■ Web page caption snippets
----

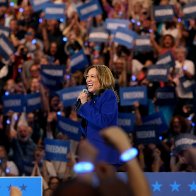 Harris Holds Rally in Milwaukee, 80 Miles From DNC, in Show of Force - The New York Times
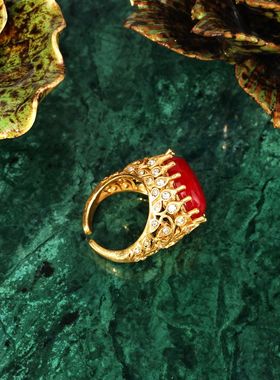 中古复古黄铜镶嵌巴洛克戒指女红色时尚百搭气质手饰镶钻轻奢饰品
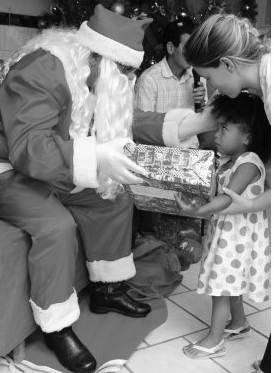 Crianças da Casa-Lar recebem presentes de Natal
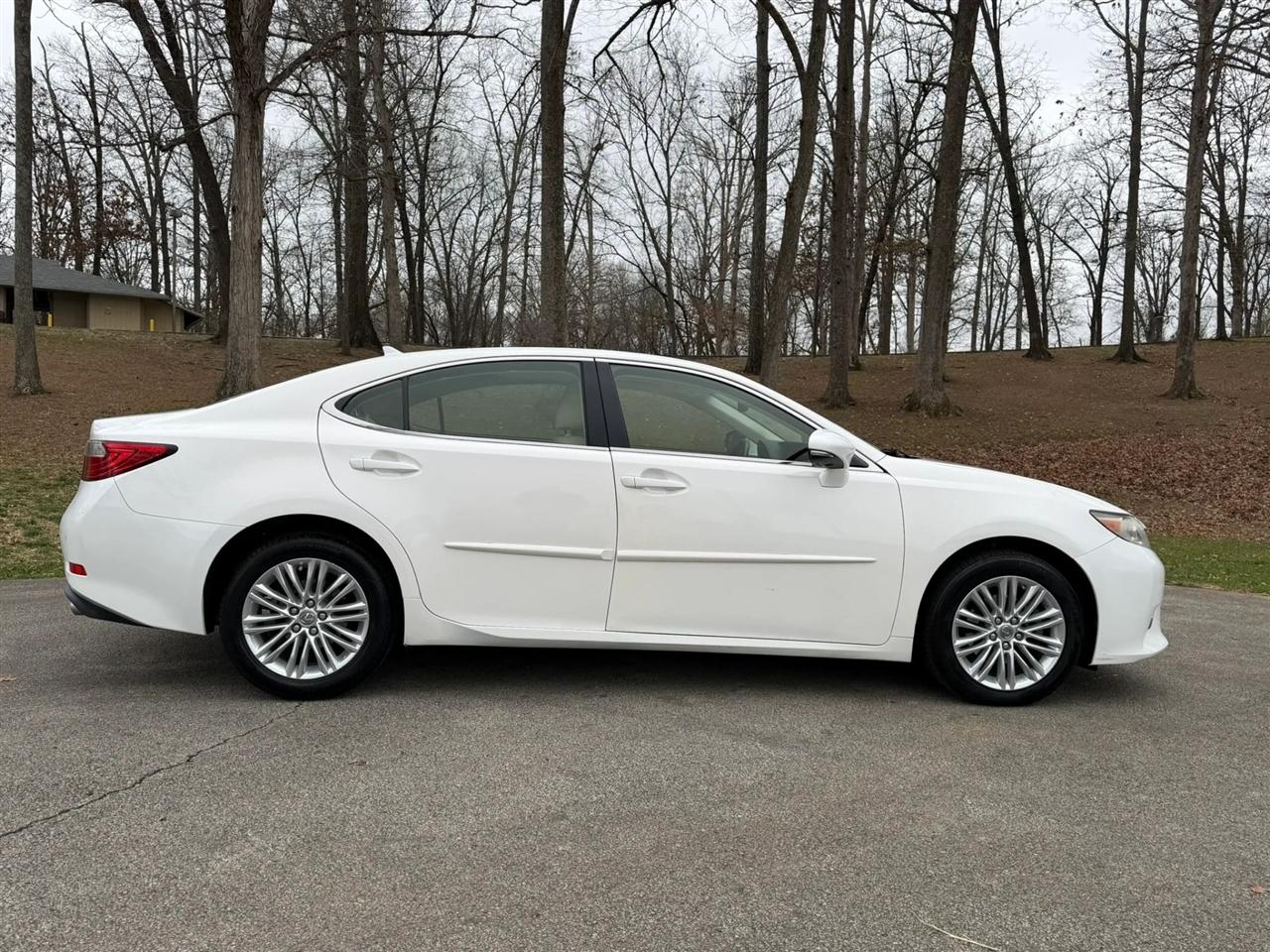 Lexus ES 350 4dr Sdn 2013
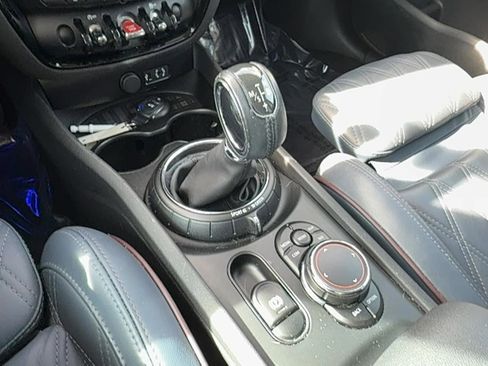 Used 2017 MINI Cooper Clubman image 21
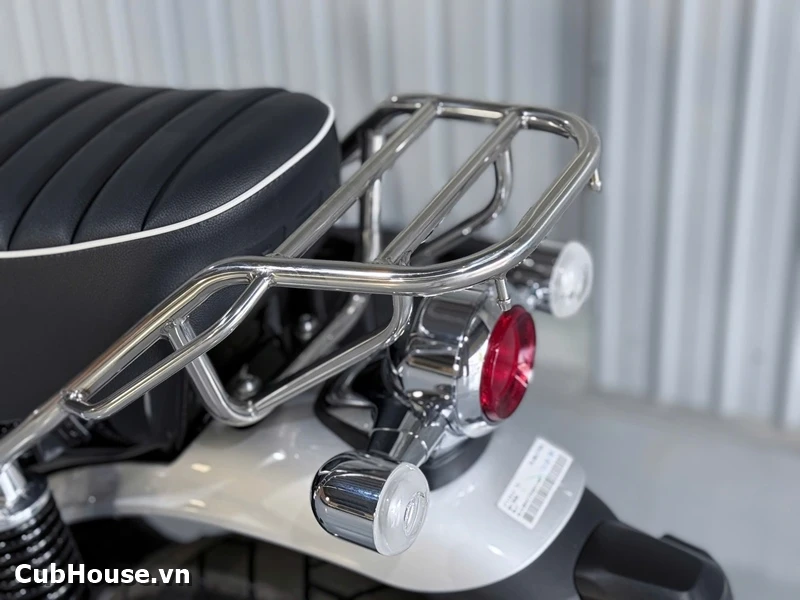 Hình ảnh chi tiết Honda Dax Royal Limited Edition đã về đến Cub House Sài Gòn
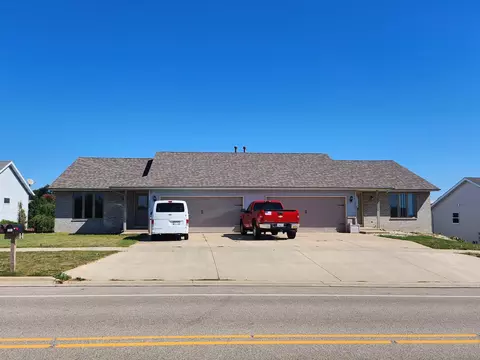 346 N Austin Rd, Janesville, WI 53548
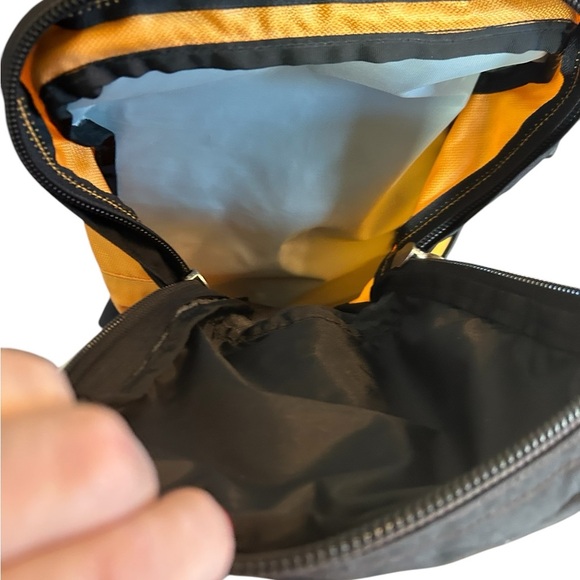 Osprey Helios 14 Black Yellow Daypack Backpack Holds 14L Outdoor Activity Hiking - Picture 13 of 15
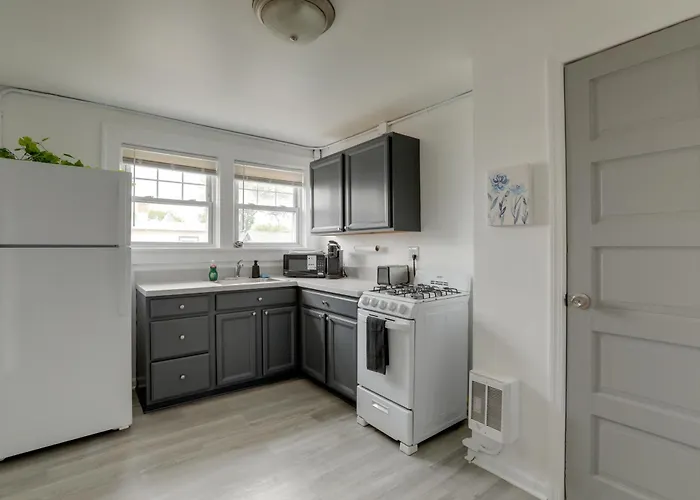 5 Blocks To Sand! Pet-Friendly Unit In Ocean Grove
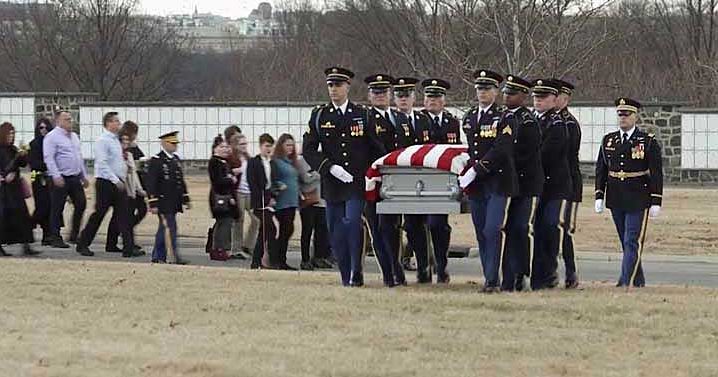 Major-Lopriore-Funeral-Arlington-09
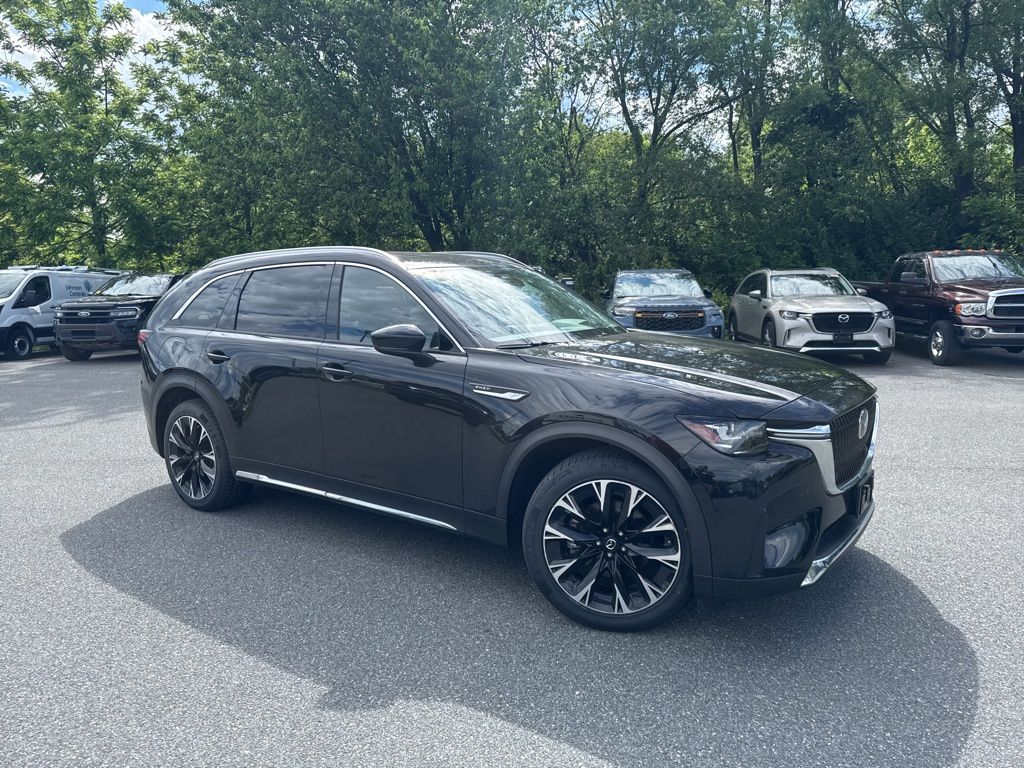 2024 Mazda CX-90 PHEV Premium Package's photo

----

■ Task
Both the first line of the records above and the line containing "346 N Austin Rd, Janesville, WI 53548" belong in the copy; please return them and every line between, exactly, minus the pictures.

■ Output of the task
 Harris Holds Rally in Milwaukee, 80 Miles From DNC, in Show of Force - The New York Times
 中古复古黄铜镶嵌巴洛克戒指女红色时尚百搭气质手饰镶钻轻奢饰品
 Crianças da Casa-Lar recebem presentes de Natal
 Lexus ES 350 4dr Sdn 2013
 Used 2017 MINI Cooper Clubman image 21
 Hình ảnh chi tiết Honda Dax Royal Limited Edition đã về đến Cub House Sài Gòn
 346 N Austin Rd, Janesville, WI 53548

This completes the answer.